# Anyone ever kept Roundtail Paradise Fish in an Aquarium? (Macropodus ocellatus)



## jadaBlu (Feb 14, 2013)

This fish caught my eye and I was wondering what it's like to keep them. Are they personable like bettas? How did you handle the cold period they need?


----------



## Cotton19 (Nov 26, 2013)

can't be specific to that tail type, but I am a big fan of paradise fish. I have had 7 over the years, and yet somehow the only one I have now is the first I got, Terry, who is at least 5 years old, which seems to be exceptionally long for the species, normal is like a betta, 1 to 3 years. the advantages over bettas are that a heater is not essential, but heat will keep them more active. a healthy one will have quite the personality, Terry jumps as high as 6 inches out of the water, often on command. a 10 gallon should be the minimum, and a generic heater with no temp control lets winter gently induce the cold period, plus you will not need the heater in summer. like bettas, each individual will let you know if it needs its own tank by its behavior, and if you can literally buy the one in that pic and don't like it, I will gladly take it off your hands if you change your mind, lol.


----------



## jadaBlu (Feb 14, 2013)

I saw some closed auctions on aquabid.

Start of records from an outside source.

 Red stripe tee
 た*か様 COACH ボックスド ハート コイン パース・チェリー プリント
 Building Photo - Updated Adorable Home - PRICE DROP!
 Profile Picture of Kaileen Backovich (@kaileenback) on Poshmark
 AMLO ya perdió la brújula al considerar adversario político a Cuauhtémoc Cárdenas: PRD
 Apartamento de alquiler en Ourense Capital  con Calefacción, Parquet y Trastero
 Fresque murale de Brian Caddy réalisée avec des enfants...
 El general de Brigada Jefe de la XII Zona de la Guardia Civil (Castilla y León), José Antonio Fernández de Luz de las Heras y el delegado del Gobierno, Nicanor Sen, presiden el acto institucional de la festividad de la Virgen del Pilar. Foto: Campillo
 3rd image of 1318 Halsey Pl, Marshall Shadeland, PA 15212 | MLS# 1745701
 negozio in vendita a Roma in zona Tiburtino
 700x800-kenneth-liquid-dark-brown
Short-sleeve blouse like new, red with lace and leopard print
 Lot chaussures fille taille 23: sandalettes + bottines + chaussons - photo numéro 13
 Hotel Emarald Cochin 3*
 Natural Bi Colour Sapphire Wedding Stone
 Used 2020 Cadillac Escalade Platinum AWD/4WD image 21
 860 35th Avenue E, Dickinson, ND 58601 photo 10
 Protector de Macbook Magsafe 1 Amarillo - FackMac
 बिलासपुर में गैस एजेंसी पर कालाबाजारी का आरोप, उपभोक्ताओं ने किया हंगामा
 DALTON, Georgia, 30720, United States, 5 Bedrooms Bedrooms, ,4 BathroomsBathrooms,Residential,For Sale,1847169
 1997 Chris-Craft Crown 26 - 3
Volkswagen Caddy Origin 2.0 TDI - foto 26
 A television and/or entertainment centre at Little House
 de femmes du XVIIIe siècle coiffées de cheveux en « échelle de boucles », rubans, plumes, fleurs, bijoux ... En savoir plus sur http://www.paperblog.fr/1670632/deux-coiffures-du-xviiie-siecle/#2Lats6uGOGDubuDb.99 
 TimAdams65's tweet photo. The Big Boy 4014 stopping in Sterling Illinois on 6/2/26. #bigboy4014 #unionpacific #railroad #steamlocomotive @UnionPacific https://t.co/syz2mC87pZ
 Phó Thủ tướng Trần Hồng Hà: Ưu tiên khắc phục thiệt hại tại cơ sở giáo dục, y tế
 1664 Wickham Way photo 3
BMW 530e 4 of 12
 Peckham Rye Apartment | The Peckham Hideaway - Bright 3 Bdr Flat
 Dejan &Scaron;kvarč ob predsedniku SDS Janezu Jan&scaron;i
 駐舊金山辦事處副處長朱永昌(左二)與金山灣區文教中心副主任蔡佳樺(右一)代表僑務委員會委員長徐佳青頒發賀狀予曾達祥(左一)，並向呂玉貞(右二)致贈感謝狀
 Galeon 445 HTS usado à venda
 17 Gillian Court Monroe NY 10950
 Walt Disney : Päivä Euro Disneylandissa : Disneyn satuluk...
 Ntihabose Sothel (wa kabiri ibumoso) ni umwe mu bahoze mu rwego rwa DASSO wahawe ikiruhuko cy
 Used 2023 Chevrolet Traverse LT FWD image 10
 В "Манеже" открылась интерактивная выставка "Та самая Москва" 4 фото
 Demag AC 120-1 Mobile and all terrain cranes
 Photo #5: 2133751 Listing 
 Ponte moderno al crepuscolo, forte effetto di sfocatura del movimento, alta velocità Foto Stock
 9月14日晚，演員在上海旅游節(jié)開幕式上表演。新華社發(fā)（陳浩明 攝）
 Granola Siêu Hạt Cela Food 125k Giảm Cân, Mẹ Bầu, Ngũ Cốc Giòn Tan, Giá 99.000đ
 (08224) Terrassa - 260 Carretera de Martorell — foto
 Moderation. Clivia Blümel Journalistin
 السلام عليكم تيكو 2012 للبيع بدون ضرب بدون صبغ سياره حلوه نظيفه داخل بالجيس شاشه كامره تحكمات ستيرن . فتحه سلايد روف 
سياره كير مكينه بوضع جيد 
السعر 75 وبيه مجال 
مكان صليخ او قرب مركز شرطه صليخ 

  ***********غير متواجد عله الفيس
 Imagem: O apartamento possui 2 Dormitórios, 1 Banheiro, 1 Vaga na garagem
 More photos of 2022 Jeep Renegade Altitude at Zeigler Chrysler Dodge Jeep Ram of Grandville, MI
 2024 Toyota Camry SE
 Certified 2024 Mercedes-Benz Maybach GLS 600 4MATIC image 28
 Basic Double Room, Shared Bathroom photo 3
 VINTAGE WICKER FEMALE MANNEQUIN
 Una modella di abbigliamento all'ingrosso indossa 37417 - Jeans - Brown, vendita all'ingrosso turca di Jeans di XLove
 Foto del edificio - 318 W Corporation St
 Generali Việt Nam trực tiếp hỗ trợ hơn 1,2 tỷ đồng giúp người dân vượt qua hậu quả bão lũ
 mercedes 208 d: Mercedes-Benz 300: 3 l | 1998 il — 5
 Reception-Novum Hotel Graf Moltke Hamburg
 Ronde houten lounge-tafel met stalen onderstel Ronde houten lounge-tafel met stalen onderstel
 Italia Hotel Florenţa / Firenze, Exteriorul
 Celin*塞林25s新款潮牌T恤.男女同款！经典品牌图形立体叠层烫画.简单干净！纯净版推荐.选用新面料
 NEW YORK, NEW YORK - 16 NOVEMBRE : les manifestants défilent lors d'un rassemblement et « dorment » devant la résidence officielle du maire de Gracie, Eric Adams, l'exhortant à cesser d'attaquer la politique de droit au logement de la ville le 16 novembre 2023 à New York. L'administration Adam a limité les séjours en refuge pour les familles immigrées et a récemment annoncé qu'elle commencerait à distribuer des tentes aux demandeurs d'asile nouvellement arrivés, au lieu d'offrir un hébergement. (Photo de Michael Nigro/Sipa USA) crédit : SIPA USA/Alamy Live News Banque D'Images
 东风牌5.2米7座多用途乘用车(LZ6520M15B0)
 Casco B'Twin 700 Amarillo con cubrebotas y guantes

I have one paradise fish now I am enjoying she does have a heater but I keep it set very low. She is quite active and would eat all day if let her. The fish I posted can live in icy temperatures and it's supposed to extend their lifespan if you give them cold period. Some people keep them in ponds outside but that seems like such a waste. I was wondering about their personality type for this exact fish and creating that cold period for the fish.


----------



## jadaBlu (Feb 14, 2013)

Here is a video of them that is pretty nice:

https://www.youtube.com/watch?v=pNYjYSPikgw


----------



## Cotton19 (Nov 26, 2013)

excellent fish in the video. the good and bad news is the same; like bettas, the personality is up to the individual. my most dominant paradise is female (Terry), and I had a male and two females that were fine living together for two years. you got good advice on the cold period, because I never lowered the temperature in the community tank, and I do unplug the heater in early fall and mid spring for Terry, and the results were much better that way.


----------



## jadaBlu (Feb 14, 2013)

Just saw this one today quite beautiful no hints of any for sale anywhere

http://www.thefishguide.com/round-tailed-paradise-fish


----------